Historie 1
Das Setting „Bühne-Publikum“ war in unserer Arbeit mit Gruppen im Rahmen der SkanAkademie schon immer eins der besonders wichtigen tools. Im Kontext einer Selbsterfahrungsgruppe auf der Bühne zu stehen, hat enormes Veränderungspotential. Wenn unsere ehemaligen Trainees sich an die „alten Zeiten“ erinnern, dann sind es oft Geschichten, die mit „damals in Aix auf der Bühne“ beginnen.

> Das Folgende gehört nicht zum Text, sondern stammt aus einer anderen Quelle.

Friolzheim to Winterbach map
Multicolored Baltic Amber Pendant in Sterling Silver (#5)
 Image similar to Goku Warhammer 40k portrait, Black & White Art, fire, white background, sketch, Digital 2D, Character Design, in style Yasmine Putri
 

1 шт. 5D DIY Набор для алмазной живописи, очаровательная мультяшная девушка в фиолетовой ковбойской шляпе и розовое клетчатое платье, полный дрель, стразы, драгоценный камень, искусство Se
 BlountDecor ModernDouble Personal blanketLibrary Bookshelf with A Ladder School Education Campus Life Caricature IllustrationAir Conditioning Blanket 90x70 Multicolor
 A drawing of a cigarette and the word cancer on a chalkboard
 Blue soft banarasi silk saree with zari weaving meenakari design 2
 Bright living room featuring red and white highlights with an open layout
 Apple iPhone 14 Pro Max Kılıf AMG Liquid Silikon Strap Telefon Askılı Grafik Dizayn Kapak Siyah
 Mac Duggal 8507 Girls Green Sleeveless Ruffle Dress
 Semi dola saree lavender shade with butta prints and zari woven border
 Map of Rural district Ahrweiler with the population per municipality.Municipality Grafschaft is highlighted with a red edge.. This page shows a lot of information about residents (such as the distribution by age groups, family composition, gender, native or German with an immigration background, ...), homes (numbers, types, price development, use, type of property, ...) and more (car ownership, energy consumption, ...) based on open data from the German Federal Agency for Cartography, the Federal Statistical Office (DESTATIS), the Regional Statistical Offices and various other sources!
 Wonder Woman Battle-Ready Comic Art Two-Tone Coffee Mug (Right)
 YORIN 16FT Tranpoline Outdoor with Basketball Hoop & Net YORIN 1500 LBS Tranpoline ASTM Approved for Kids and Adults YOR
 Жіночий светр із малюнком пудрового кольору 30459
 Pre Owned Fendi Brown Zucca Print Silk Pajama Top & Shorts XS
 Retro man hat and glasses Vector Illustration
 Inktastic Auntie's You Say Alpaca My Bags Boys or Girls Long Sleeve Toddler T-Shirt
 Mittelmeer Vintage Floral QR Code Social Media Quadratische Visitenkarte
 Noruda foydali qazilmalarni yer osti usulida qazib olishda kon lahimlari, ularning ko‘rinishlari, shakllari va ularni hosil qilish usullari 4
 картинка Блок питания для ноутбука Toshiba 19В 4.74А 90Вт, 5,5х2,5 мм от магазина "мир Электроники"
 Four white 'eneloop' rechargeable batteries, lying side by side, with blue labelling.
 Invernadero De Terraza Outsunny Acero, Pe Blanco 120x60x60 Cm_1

Mit der Zeit entstand bei einigen von uns – inspiriert durch unsere Freunde vom streaming theatre cologne – der Wunsch, auch jenseits des therapeutischen Rahmens Theater zu spielen und den unangeseilten Sprung in die Hamburger Theater-Öffentlichkeit zu wagen. Es fand sich eine Gruppe von (sehr begabten) Schauspiel-Laien, zu der sich zu unserem Glück auch noch ein versierter professioneller Schauspieler und eine bühnenerfahrene Indie-Pop-Songwriterin gesellten. Wir arbeiteten ein Jahr lang an der ersten Produktion („Alles wird wieder gut“), bekamen Spieltermine an zwei renommierten Off-Theatern in Hamburg und hatten vor ausverkauften Häusern soviel unerwarteten Erfolg, dass wir sogar ein „Auswärtsspiel“ in Köln auf die Agenda setzten.
Der Zug war nun nicht mehr aufzuhalten; wir erarbeiteten nacheinander eine Reihe von Produktionen, für die wir weitere Schauspiel-Profis gewinnen konnten, was uns noch einmal einen besonderen Qualitäts-Schub bescherte. Wir spielten meistens in Hamburg und hatten Gastspiele in Köln, Münster und Wien. Schon längst hatte eine völlige Entkpoppelung von unserem therapeutischen Ursprung stattgefunden, es ging uns nur noch um die Kunst. Um so unersprießlicher war es, wenn manche Kultur-Mediatoren und -Journalisten uns immer noch in die Schublade „therapeutisches Theater“ einsortierten.
Nach acht Jahren war dann auf einmal „die Luft raus“. Die organisatorischen und finanziellen Probleme, die mit fortlaufenden Off-Produktionen einhergehen, hatten sich zu großen Hürden aufgetürmt, hinzu kamen nervige Konflikte im Ensemble, und und und. Dennoch: diese wunderbaren acht Jahre sollen nicht einfach aus der Erinnerung verschwinden, deshalb halten wir diese Website am Leben. Und wer weiß: vielleicht kommen wir ja auch wieder. Dem einen und der anderen von uns juckt es schon wieder in den Fingern.